On the very first page of the Bible the absolute transcendence of God above His creatures comes to our attention. Without strain or fatigue He calls the whole world into existence by His word alone.

By the word of the Lord were the heavens made, and all the host of them by the breath of His mouth (Ps. 33:6). He speaks and it is done; He commands and it stands fast (Ps. 33:9).

He does according to His will in the army of heaven, and among the inhabitants of the earth. And none can stay His hand, or say unto Him, what doest Thou (Dan. 4:35)?

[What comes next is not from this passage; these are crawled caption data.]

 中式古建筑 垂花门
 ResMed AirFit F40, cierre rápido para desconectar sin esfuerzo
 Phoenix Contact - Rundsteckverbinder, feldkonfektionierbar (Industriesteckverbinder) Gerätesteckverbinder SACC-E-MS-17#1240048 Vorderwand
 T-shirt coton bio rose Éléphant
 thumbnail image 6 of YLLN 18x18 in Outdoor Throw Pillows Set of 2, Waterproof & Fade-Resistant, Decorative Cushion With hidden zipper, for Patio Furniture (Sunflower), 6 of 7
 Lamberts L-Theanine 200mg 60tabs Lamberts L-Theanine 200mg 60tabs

The nations are as a drop of a bucket, and are counted as the small dust of the balance: behold, He taketh up the isles as a very little thing. And Lebanon is not sufficient to burn, nor the beasts thereof sufficient for a burnt offering.

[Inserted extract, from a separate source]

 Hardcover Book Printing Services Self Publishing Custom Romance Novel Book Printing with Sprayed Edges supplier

All nations before Him are as nothing, and they are counted to Him as less than nothing and vanity. To whom then will you liken God? Or what likeness will you compare unto Him (Isa. 40:15–18).

For who in the heaven can be compared unto the Lord? Who among the sons of the mighty can be likened unto the Lord (Ps. 89:6). There is no name by which He can truly be named: His name is wonderful.

When God speaks to Job out of the thunder and displays the magnitude of His works before him, Job humbly bows his head and says: Behold, I am vile. What shall I answer Thee? I will lay my hand upon my mouth (Job 40:4).

God is great, and we know Him not (Job 36:26). Such knowledge is too wonderful for us. It is high. We cannot attain unto it (Ps. 139:6).

Nevertheless, this same sublime and exalted God stands in intimate relationship with all His creatures, even the meanest and smallest. What the Scriptures give us is not an abstract concept of God, such as the philosopher gives us, but puts the very, living God before us and lets us see Him in the works of His hands.

We have but to lift up our eyes and see who has made all things. All things were made by His hand, brought forth by His will and His deed.

And they are all sustained by His strength. Hence everything bears the stamp of His excellences and the mark of His goodness, wisdom, and power. And among creatures only man was created in His image and likeness.

Only man is called the offspring of God (Acts 17:28).”

–Herman Bavinck, The Wonderful Works of God (trans. Henry Zylstra; Glenside, PA: Westminster Seminary Press, 1956/2019), 115-116.